A veces tengo la impresión de que en esta naturaleza humana llevamos muy dentro una especie de presa en la que vamos acumulando diferentes emociones que nos alteran y que no podemos procesar en el momento. Pero pasa el tiempo y esas emociones se van sumando hasta el punto en el que la presa termina por desbordar: una catarsis.

         El problema es que cuando se presenta esa situación, el cúmulo de emociones rompen la cortina de la presa y arrastran todo lo que encuentran a su paso, con una fuerza destructiva no solo con el entorno inmediato, sino también hacia el interior de cada persona.
         Las catarsis son necesarias considerando que las emociones contenidas, aunque no encuentren salida, tampoco se desvanecen, sino que se acumulan una sobre otra, se mezclan, se confunden sus límites, buscan su propio espacio y entran en conflicto dentro de la gran presa del espíritu.
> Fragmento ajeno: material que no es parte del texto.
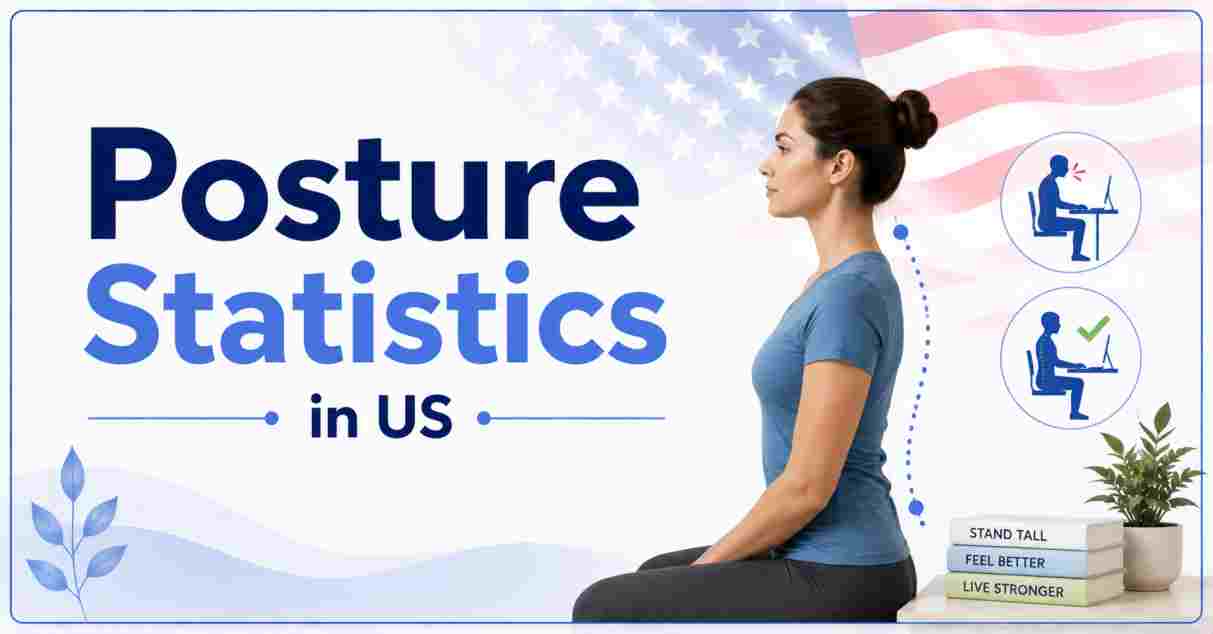 Posture Statistics in US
Y entonces romper el muro que les contiene.
         Es algo similar a una avalancha o un tsunami: puede comenzar con una fuerza destructora que se va magnificando conforme avanza y genera más daño con todo aquello que arrastra a su paso. ¿Quién resiste a una fuerza destructora así? Solo aquellos que conocen la empatía.
         He sobrevivido a dos catarsis en toda mi existencia, aunque pudieron ser más y he logrado evitarlas. La primera, cuando estos ojos perdieron su infancia y maduraron en un pestañeo al enfrentarse a la crueldad del mundo. La segunda, cuando asumí de forma consciente la renuncia a la vida y la existencia.
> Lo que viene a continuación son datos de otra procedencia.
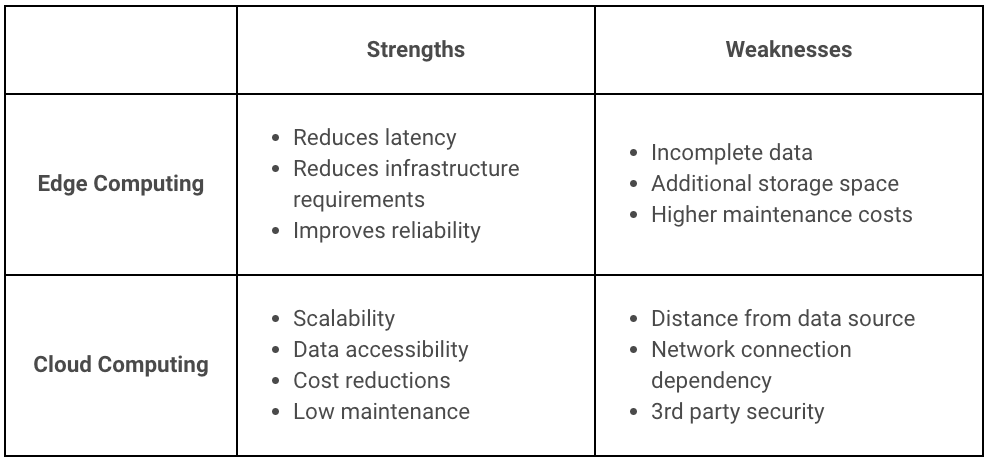 Cloud vs Edge Strength and Weaknesses.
         Han sido dos momentos grabados en las líneas de mis manos, como si el destino hubiera estado escrito sin posibilidad de elegir y, sin embargo, ambos momentos fueron producto de una elección, por muy irracional que sea una catarsis. Las consecuencias son palpables sin necesidad de preguntar.
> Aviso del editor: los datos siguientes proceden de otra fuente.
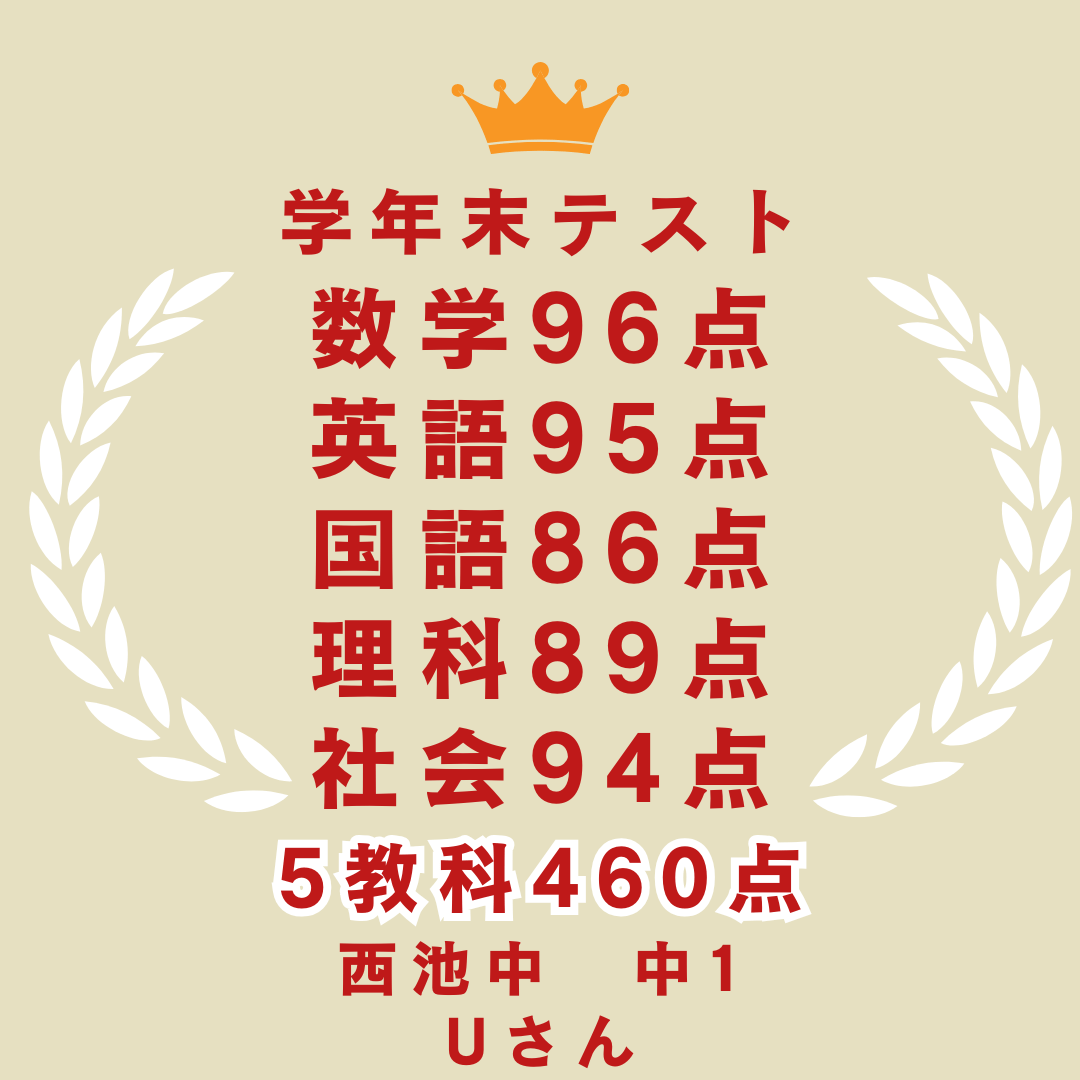 西池袋中学校 中学1年 Uさん 5教科合計460点！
         Tanta violencia acumulada en mi interior ha encontrado una sola salida para evitar que la cortina de la presa truene. He aprendido a reconocer cuando el límite de la presa está a punto de ser sobrepasado. Entonces comienzo mi ritual de lacerar la piel con pequeñas navajas y dejar que la sangre fluya en pequeñas gotas mientras la extensión de la piel recibe constantes descargas eléctricas que me otorgan un poco de sosiego.
         De no hacerlo, de no recurrir a este ritual macabro para ojos que no comprenden, esta presa desbordaría con tal fuerza que el daño sería irreparable una vez rota la cortina. La naturaleza humana es compleja, pero nos gusta pensar en actos de bondad para definir esa naturaleza. El instinto asesino también forma parte de ese entramado y decido hacerme daño antes que llegar a la muerte de alguien más.
         La última catarsis será el silencio de mi nombre al final de mis días.